= Fantasticon =

Fantasticon is the national Danish science fiction convention since 2004. It has been held at various locations in Copenhagen. Fantasticon was also the name of a monthly comic book convention series that began in Michigan, USA, in 1976. The following data does not describe the USA convention series.

==Guests of Honour==
2004: (No GoH, but guests included H. H. Løyche.)

2005: Christopher Priest, William J. Maryson (1950–2011), Imants Belogrïvs, Dave Lally, Harry Harrison.

2006: (No GoH, but guests included Lene Kaaberbøl and Josefine Ottesen)

2007: (No Fantasticon this year, GoHs at Eurocon 2007 Copenhagen: Anne McCaffrey, Stephen Baxter, Zoran Živković, David A. Hardy, Niels Dalgaard)

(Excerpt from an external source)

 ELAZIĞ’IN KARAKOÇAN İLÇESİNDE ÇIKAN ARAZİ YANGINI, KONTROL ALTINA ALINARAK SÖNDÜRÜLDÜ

2008: Norman Spinrad, Erwin Neutzsky-Wulff

2009: Charles Stross, Gwyneth Jones

2010: Catherine Asaro (additional guests: Per Vadmand, Ea Philippa, Kaspar Colling Nielsen, Rikke Schubart)

2011: A. Silvestri, Henrik Harksen

2012: Alastair Reynolds, Ellen Datlow

2013: Tricia Sullivan, Karin Tidbeck

2014: Paul J. McAuley, Rochita Loenen-Ruiz

2015: Pat Cadigan, Ian Watson

2016: Justina Robson, Ken MacLeod

2017: Christopher Priest, Nina Allan

2018: Jeannette Ng, Lavie Tidhar

2019: Nisi Shawl

2020: (No GoH, virtual convention on Zoom)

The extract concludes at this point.